§ **Instructions for the task**
Nothing but the lines below between the line holding "HENLEY YAKA UZUN KOLLU T-SHIRT" and the line holding "Christmas Pink Santa", inclusive, should appear in the answer, each set down exactly.
**********
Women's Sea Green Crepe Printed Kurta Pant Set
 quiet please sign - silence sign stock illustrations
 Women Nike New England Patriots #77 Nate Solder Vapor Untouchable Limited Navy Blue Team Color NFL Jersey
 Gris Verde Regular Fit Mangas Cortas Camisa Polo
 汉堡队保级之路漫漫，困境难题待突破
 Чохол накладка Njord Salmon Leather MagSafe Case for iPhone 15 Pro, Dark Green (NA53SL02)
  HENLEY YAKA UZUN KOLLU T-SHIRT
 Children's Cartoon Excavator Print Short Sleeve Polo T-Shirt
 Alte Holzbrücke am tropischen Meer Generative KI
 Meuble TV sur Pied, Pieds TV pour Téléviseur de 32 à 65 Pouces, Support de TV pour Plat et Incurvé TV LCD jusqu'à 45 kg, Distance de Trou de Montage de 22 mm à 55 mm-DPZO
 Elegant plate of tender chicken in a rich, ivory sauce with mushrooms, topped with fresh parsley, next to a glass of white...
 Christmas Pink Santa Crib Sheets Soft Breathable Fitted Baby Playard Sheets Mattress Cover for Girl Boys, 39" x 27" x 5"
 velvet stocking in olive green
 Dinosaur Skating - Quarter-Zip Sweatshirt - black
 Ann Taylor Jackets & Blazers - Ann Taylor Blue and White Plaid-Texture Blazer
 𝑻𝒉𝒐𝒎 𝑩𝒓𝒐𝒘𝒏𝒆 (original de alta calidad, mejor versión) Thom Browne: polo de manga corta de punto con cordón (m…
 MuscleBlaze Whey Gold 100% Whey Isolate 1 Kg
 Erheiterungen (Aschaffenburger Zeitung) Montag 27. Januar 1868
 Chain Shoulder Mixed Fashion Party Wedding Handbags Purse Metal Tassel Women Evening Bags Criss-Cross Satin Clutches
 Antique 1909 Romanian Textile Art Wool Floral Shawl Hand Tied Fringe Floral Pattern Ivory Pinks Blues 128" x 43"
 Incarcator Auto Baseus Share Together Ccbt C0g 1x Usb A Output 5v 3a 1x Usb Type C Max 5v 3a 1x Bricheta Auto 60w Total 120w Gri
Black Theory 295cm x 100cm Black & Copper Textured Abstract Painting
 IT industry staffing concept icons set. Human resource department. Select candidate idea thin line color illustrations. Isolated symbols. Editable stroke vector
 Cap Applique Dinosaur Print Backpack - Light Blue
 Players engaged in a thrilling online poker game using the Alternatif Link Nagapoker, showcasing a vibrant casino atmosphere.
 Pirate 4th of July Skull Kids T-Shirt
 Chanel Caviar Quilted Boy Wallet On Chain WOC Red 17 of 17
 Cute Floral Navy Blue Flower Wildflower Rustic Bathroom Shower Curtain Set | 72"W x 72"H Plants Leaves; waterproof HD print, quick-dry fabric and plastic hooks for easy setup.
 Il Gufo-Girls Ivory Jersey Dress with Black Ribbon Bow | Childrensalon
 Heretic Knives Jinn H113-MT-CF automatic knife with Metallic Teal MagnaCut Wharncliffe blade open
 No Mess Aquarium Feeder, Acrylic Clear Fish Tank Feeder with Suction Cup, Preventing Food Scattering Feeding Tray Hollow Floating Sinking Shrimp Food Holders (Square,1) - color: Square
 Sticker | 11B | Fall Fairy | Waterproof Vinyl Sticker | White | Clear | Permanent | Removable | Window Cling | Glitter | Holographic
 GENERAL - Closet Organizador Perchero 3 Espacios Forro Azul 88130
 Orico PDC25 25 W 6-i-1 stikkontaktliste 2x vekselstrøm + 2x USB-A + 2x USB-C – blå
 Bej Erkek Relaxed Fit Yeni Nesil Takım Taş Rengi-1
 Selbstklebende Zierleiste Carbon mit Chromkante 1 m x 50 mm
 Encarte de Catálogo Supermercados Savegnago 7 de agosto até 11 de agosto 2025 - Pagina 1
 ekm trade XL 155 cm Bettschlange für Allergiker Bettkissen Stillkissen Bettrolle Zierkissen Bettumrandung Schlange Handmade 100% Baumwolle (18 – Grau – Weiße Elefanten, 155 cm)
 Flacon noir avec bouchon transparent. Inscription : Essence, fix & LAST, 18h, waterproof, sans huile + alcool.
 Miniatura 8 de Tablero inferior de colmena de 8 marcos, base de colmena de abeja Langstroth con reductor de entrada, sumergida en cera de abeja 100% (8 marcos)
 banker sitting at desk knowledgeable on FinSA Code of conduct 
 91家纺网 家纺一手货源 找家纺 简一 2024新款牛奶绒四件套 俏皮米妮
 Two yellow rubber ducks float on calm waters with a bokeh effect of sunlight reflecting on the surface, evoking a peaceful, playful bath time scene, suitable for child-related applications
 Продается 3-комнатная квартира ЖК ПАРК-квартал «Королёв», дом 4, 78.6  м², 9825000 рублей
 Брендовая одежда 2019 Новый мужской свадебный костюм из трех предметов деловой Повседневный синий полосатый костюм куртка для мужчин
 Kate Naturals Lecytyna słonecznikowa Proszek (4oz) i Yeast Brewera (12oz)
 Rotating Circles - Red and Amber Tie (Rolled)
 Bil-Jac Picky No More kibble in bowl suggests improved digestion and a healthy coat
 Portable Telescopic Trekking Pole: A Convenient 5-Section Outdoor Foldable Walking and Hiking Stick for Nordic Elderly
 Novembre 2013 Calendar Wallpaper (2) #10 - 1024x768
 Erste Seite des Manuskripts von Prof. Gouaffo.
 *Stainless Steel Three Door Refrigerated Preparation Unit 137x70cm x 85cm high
**********
§ **Solution to this problem**
  HENLEY YAKA UZUN KOLLU T-SHIRT
 Children's Cartoon Excavator Print Short Sleeve Polo T-Shirt
 Alte Holzbrücke am tropischen Meer Generative KI
 Meuble TV sur Pied, Pieds TV pour Téléviseur de 32 à 65 Pouces, Support de TV pour Plat et Incurvé TV LCD jusqu'à 45 kg, Distance de Trou de Montage de 22 mm à 55 mm-DPZO
 Elegant plate of tender chicken in a rich, ivory sauce with mushrooms, topped with fresh parsley, next to a glass of white...
 Christmas Pink Santa Crib Sheets Soft Breathable Fitted Baby Playard Sheets Mattress Cover for Girl Boys, 39" x 27" x 5"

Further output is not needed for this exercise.